# AC electrical issue,  No power forward of the bathroom, called Fleetwood Customer service, replaced GCFI, this didn't fix the problem.  any advice



## Brian D (Jun 23, 2020)

No AC 120v power forward of the bathroom, Fleetwood customer service suggested its a GCFI issue. replaced one GCFI. still have issue.  When I select battery charge dc amps goes to 102, AC amps at 12... any advice. I have had nothing but bad experiences when I bring it to a service center. takes 4 to 6 weeks before they work on it,  comes back with other things broken...


----------



## C Nash (Jun 28, 2020)

I had the ground prone broke off in a plug and it had worked down and would make contact at times.  Drove me crazy till I finally found it.  Inspect all plugs on that circuit and clean them out.

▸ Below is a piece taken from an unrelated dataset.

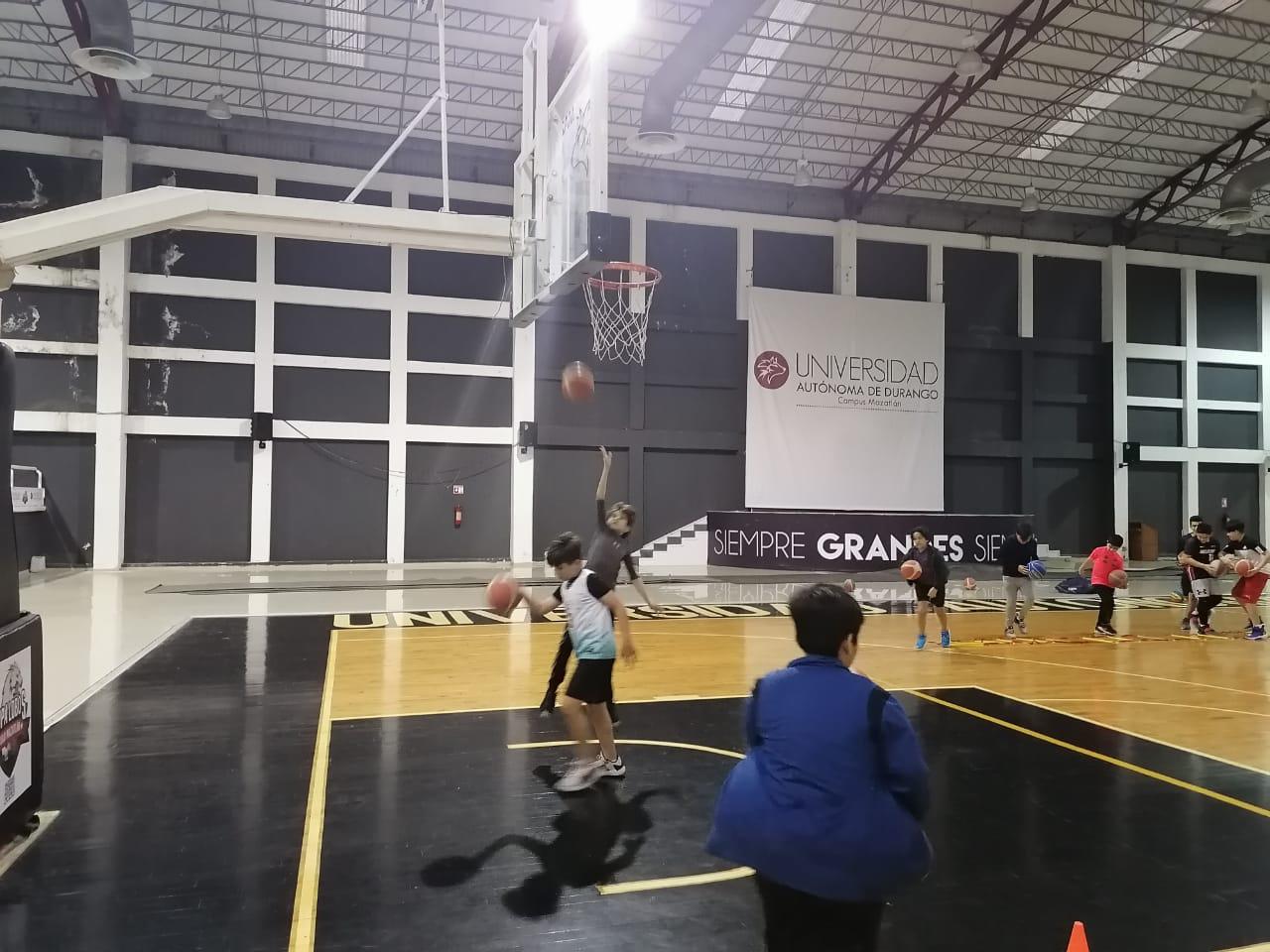 $!Basquetbolistas de Mazatlán buscarán becas deportivas de la Universidad Autónoma de Durango
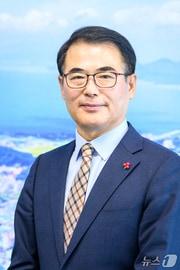 본문 이미지 - 장충남 군수.&#40;남해군 제공. 재판매 및 DB금지&#41;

Make sure all wires are connected proper.  Is the GFI kicking out?


----------



## Mike Bienvenu (Jul 5, 2020)

I recently had a similar issue where I lost AC power on the drivers side of my 2015 Fleetwood Bounder, I to first started by replacing the GCFI in my bathroom which also powered the AC outlets over my dining room slide.  I called Fleetwood and got them to send me a schematic, I found that I had 2 of the circuit connections that were bad.  One under my dining table and the other above my dining table, once I changed both I solved the problem.  I hope this helps you.


----------